Oui, Judas s’apprête à trahir Jésus. La division qui s’invite ici continuera à sévir dans l’Eglise au cours des siècles qui suivront. Ce seront des hérésies et des excommunications.

Puis au moment de la Réforme, les Eglises se sont encore une fois divisées, notamment au sujet de la sainte Cène. Ce sacrement, qui devait signifier l’unité, a finalement consacré la division : les catholiques, contre les protestants, disaient que le pain de l’eucharistie changeait de nature – ils appelèrent cela la transsubstantiation  –, et les protestants n’ont pas fait mieux puisqu’ils se sont aussi opposés entre eux, les luthériens disant que la présence du Christ était juxtaposée à celle du pain – ils appelèrent cela la  consubstantiation, et les réformés disant que le pain était seulement un symbole.

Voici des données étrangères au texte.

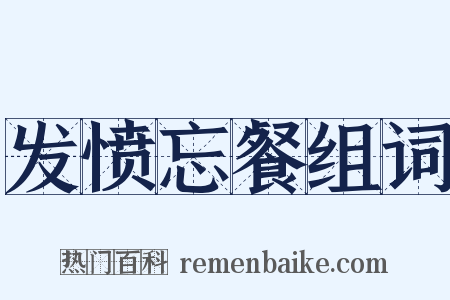 发愤忘餐组词是什么意思的图片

Tout était affaire d’interprétation, car la langue grecque ne permet pas de trancher sur ce point. Ces oppositions sont heureusement aujourd’hui en partie dépassées, mais en partie seulement.

Mais pour en revenir à la division initiale qu’a inaugurée Judas, les théologiens s’interrogent encore aujourd’hui pour savoir ce qui l’a conduit à trahir son maître. Certains avancent qu’il aurait été déçu de voir que Jésus n’avait pas pris le pouvoir. C’est tout à fait plausible. Quoi qu’il en soit, ce qui intéresse l’évangéliste, c’est de parvenir à comprendre comment cet abandon du Messie coïncider avec les desseins de Dieu.

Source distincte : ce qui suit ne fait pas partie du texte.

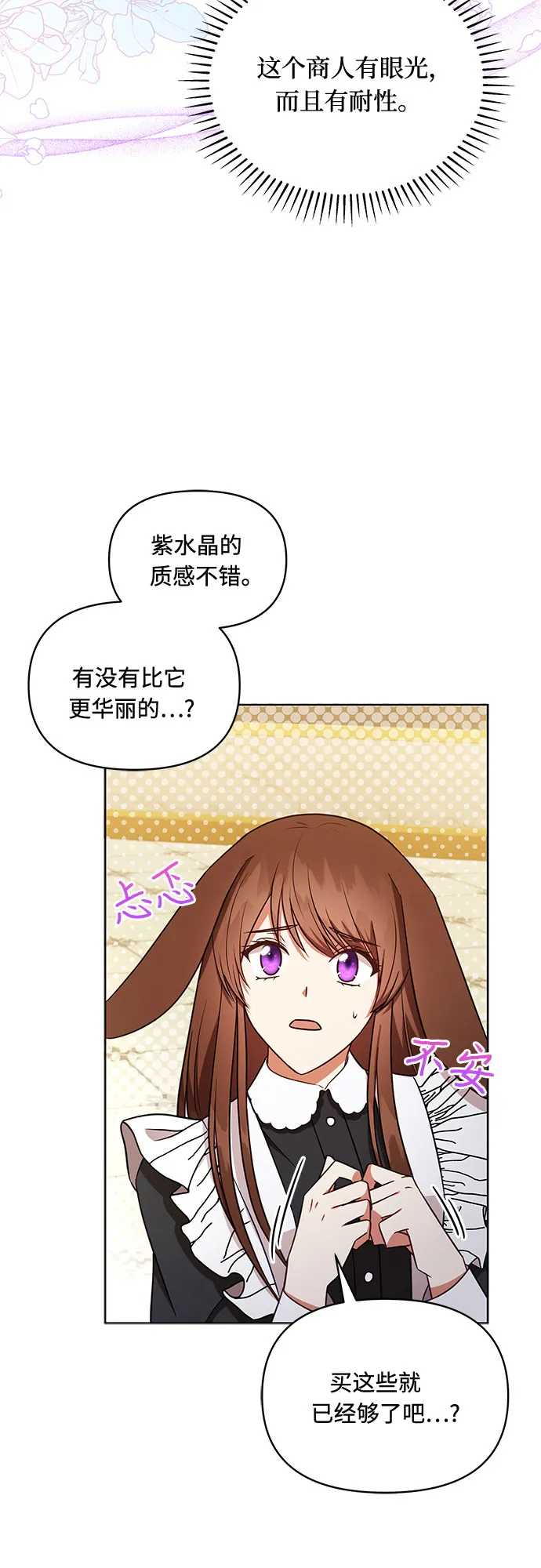 第38话 第40页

Notons bien que Jésus ne condamne pas Judas à la damnation éternelle. D’ailleurs il n’a jamais condamné personne. Tout ce que nous pouvons dire, c’est qu’il le plaint. L’évangéliste utilise une interjection grecque qui reprend presque à l’identique une expression araméenne : oï… hélas…

La conscience qu’il a de cette trahison n’empêche pourtant pas Jésus de communier dans le repas avec tous ses disciples, sans distinction.

Finalement, ce récit opère un passage. C’est d’ailleurs le sens du mot Pâques, Pessah. Ce mot signifie passage. Ce passage, c’est le passage du rituel juif au rituel chrétien.

En plaçant délibérément le dernier repas au moment du seder, l’évangéliste tient à montrer que le sens de ce dernier repas est bien celui de cette fête de Pessah, la fête de la libération hors d’Egypte. Ce qui est devenu aujourd’hui la sainte Cène, ou l’eucharistie pour les catholiques, nous libère pour une vie nouvelle qui débouchera un jour sur le banquet céleste.